╭──

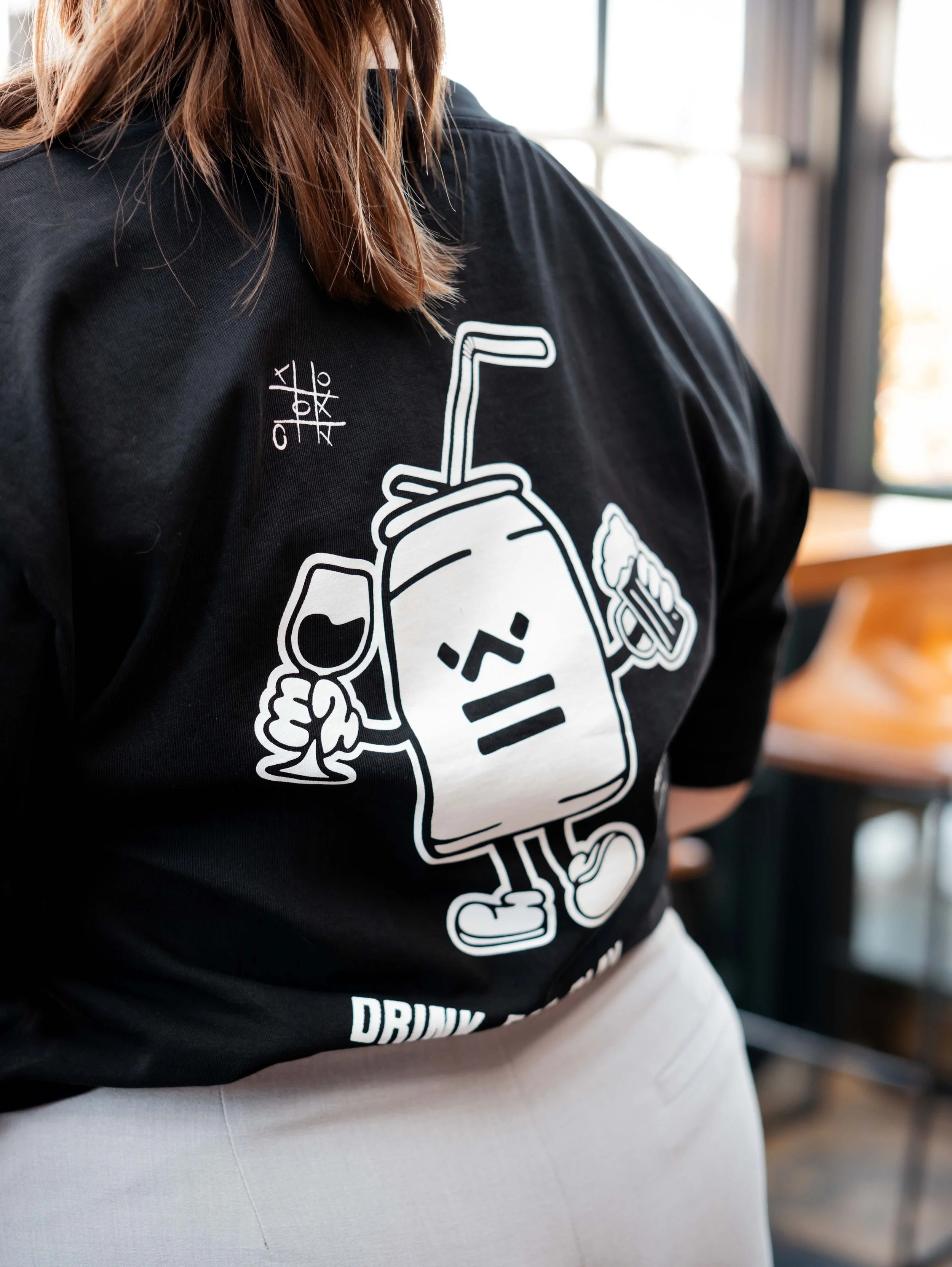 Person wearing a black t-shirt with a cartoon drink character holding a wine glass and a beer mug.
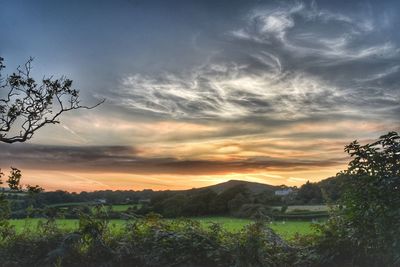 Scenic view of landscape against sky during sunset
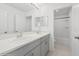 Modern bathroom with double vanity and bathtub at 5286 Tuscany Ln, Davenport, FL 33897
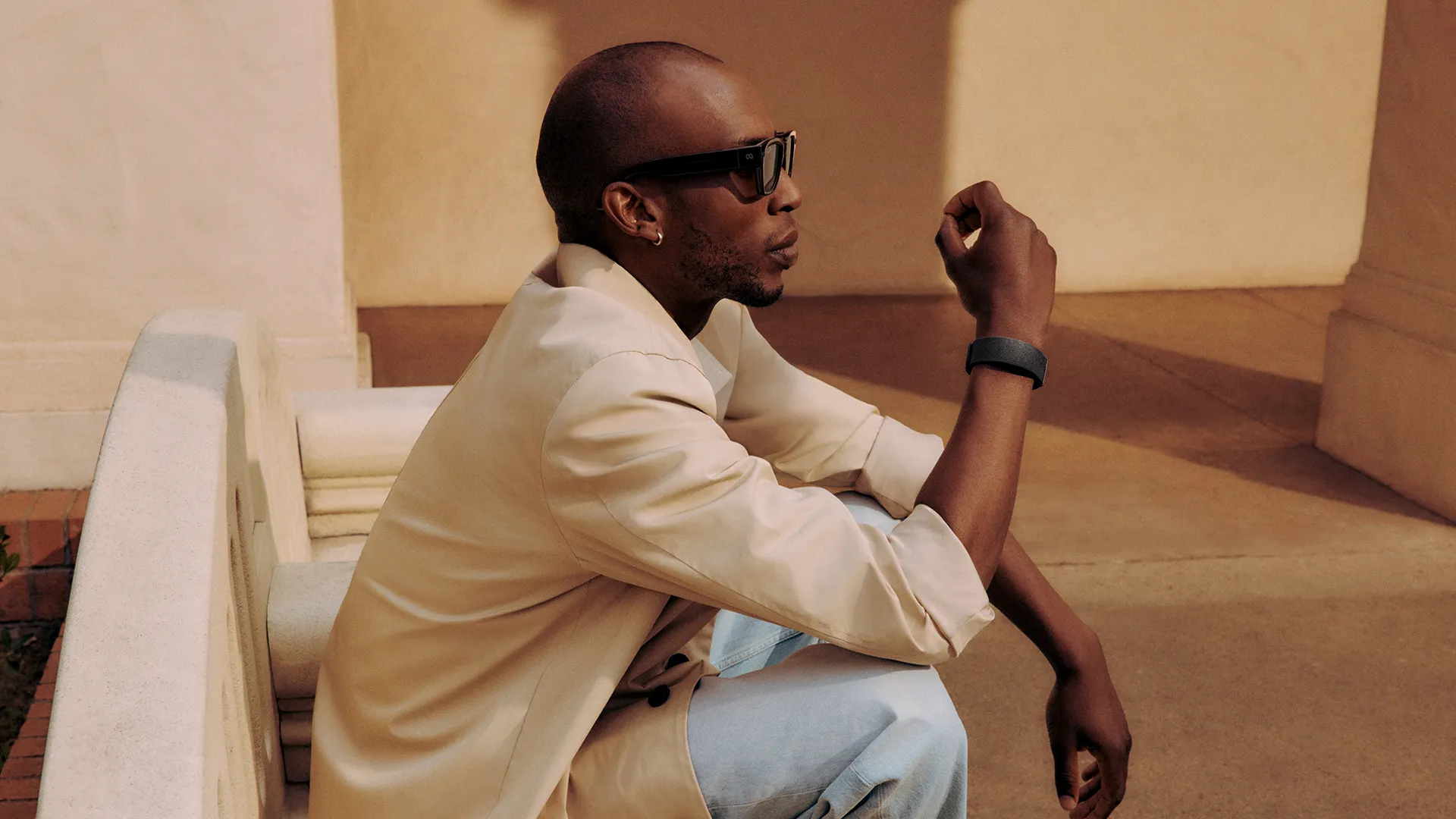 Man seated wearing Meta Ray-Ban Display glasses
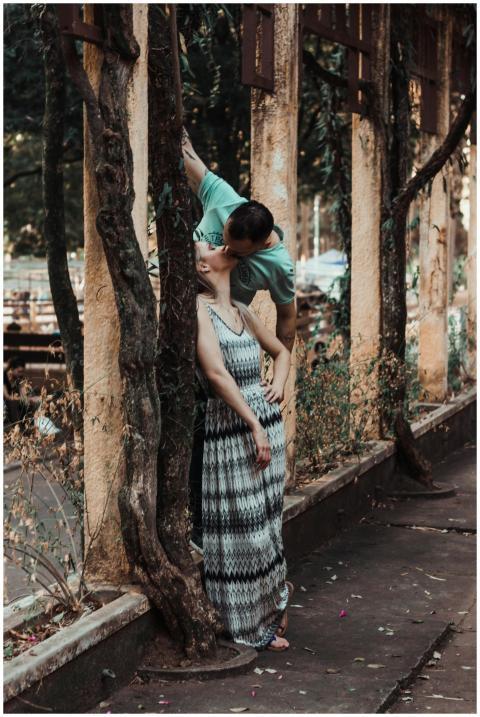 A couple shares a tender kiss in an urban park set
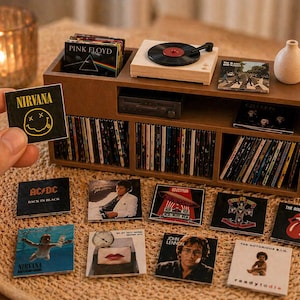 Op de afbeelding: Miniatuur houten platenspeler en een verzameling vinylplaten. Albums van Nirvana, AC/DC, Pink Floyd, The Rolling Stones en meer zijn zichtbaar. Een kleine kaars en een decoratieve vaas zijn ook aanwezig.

╰──
╭──

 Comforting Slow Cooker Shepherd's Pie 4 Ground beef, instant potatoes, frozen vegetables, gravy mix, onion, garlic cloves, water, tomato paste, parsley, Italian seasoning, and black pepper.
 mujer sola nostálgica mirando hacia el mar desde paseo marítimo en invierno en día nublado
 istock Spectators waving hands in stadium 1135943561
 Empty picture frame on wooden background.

╰──

__Problem details__:
Only the lines above starting at the line that holds "mujer sola nostálgica" and ending at the line that holds "Empty picture frame on wooden background." are to be repeated, exactly and in full.

__Answer box__:
 mujer sola nostálgica mirando hacia el mar desde paseo marítimo en invierno en día nublado
 istock Spectators waving hands in stadium 1135943561
 Empty picture frame on wooden background.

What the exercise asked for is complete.